Work to be completed
Please repeat, from the entries that follow, the lines from the one containing "وزير التنمية المحلية" through the one containing "Tamara und Michael" exactly, adding nothing.

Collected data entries
——————————
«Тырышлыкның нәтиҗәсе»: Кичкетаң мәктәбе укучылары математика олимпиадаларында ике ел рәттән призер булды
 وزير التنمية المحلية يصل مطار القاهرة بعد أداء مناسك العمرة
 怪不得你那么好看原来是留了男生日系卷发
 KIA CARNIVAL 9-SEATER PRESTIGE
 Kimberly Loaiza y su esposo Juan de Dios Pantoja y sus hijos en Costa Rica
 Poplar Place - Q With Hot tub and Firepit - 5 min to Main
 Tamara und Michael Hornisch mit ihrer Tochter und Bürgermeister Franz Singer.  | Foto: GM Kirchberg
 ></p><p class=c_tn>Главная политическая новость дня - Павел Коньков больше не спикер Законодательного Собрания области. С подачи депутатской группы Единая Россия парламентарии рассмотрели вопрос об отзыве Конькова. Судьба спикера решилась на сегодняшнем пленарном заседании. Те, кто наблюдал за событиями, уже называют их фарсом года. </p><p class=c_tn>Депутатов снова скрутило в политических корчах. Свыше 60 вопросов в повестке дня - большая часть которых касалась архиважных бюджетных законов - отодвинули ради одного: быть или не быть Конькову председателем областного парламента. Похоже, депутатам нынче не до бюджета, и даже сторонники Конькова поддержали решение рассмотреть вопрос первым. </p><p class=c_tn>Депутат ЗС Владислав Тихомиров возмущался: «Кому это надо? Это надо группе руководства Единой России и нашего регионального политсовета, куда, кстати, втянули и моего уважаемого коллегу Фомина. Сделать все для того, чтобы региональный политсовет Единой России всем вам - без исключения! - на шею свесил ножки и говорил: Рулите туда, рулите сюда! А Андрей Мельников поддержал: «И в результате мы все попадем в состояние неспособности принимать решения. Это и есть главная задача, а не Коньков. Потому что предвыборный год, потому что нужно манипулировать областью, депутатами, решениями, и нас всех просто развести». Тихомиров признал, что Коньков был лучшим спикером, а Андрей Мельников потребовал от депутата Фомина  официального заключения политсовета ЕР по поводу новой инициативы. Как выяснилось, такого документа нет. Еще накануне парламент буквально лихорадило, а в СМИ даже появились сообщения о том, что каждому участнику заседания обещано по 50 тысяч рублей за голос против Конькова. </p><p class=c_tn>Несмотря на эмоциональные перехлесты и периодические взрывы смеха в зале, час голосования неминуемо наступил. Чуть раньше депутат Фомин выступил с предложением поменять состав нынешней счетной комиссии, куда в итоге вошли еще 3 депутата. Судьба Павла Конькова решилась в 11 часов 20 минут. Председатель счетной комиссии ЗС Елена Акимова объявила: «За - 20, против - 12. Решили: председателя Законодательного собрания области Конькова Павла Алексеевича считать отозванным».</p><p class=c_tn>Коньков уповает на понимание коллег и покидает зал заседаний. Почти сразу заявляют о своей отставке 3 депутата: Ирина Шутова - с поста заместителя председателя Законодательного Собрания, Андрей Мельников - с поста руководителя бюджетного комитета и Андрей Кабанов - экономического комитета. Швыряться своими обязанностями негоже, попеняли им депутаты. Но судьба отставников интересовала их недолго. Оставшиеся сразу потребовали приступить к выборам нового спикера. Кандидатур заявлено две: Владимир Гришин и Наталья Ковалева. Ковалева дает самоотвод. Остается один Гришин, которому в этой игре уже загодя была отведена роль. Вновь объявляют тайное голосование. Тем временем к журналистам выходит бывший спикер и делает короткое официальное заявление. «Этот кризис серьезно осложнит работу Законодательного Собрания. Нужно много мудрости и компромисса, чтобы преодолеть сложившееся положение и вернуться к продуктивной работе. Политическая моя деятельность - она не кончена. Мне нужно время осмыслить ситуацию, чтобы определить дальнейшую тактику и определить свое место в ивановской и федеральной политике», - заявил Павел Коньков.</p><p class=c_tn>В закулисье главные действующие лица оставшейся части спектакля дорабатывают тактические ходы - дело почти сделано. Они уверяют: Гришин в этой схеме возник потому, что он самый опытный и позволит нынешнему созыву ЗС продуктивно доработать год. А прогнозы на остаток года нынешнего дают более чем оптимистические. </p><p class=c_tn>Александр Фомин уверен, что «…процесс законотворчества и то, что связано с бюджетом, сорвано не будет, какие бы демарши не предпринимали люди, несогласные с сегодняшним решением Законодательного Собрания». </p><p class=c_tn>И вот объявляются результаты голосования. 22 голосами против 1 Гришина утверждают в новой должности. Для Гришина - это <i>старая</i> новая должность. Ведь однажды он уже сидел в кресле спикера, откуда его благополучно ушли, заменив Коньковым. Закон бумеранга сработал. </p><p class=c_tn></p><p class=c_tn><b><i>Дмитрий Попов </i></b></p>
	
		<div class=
——————————
Answer to this exercise
 وزير التنمية المحلية يصل مطار القاهرة بعد أداء مناسك العمرة
 怪不得你那么好看原来是留了男生日系卷发
 KIA CARNIVAL 9-SEATER PRESTIGE
 Kimberly Loaiza y su esposo Juan de Dios Pantoja y sus hijos en Costa Rica
 Poplar Place - Q With Hot tub and Firepit - 5 min to Main
 Tamara und Michael Hornisch mit ihrer Tochter und Bürgermeister Franz Singer.  | Foto: GM Kirchberg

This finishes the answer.